We were just getting set when our friends from S/V Smitty and S/V Sea Ya! were arriving. Once everyone was settled we took a short walk through Saint Pierre for a drink and bite to eat. Saint Pierre was founded in 1635 and is a beautiful seaside city that has been designated a “City of Art and History”. Like most islands in the Caribbean, Martinique was formed from volcanic action. In 1902 the city of Saint Pierre was totally destroyed by the eruption of Mount Pelee. Only two people survived the eruption. If you have ever heard the story of the lone prisoner that survived a volcano, that is this story. Louis-Auguste Cyparis was the lucky one that survived the total destruction of the city. That is an interesting story all on its own.

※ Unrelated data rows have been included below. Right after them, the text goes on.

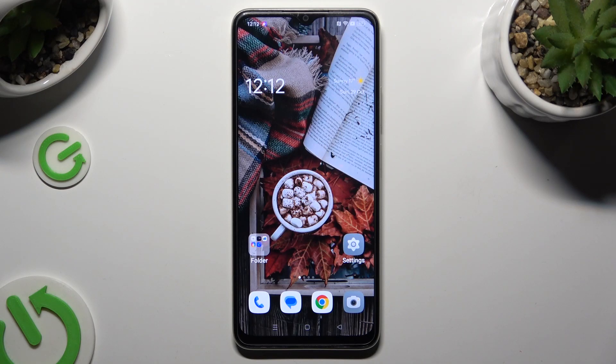Hi, in front of me is the Oppo A38 and today I would like to show you how you can set up AppLock.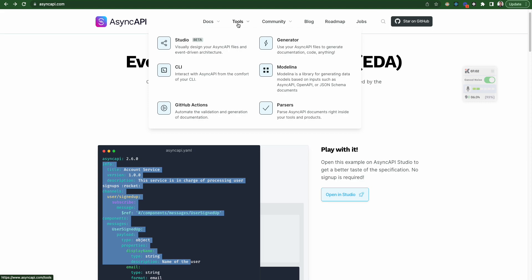So Studio is basically, right now what's happening. You can see here, you design, you typed all this thing, right? But Studio will help you to do. It's a low code platform to design this whole specification. So if you want to type an info, they can drag and drop the info object, something like that. So Studio helps you. It's built in React using React Flow.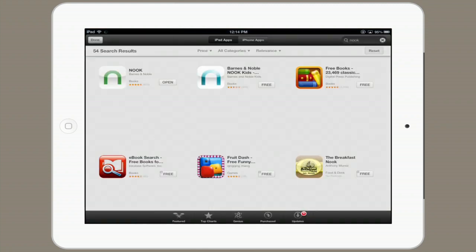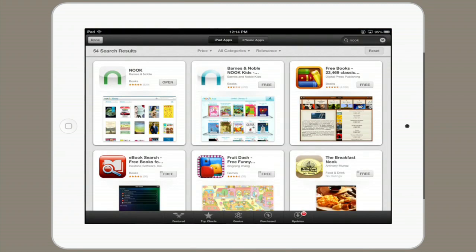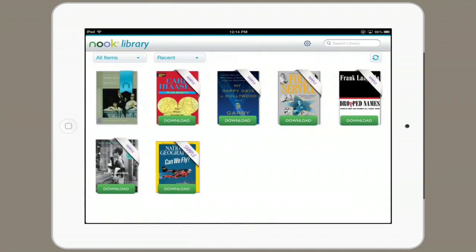First, go to the App Store and search for Nook. You'll find it right away. Install it and open it. You'll have to sign in with your Nook account. Now I can see all of the books that I've purchased or downloaded with my Nook account.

The next morning Lisa and I pulled the genoa down. We were finally ready to tackle the rips we made leaving the USVI. We moved the Sailrite LSZ-1 onto the bow and started stitching the UV cover. The UV cover protects the sail from sunlight when it is furled. The actual sail material isn’t very resistive to UV light so another fabric, like Sunbrella, is usually affixed to the last 12-18 inches of a sail. The seams failed and started flapping in the wind. Since the sail was already down we also took the time to patch up a couple places that were getting a little chaffe.

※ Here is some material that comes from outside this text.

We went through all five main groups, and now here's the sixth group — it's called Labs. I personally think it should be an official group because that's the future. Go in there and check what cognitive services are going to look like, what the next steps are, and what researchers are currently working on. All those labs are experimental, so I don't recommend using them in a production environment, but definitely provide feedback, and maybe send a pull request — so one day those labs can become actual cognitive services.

A few hours later we were making the walk up to the De Paz Rum distillery. De Paz is just over three kilometers from the tender dock, but it is uphill the entire way. Luckily we were going up before the sun started really beating down on us. The Distillery sits at the foot of Mounte Pelee. DePaz produces an agricole rum from crushing fresh sugar cane. After the eruption of 1902 the grounds were rebuilt in 1917 and the distillery has been making tasty rum ever since. Visitors can do a self guided tour to see old watermills that still function. The red walking path takes you through some of the previously used buildings like the turbine room. The tour ends in the gift shop where you are offered free tastings of their delicious rum concoctions. The rum really is reasonably priced here as well. As we traveled to other places after this visit I took note of the prices around the Caribbean. I suggest stocking up here on whichever rum you enjoy. You’ll be glad you did.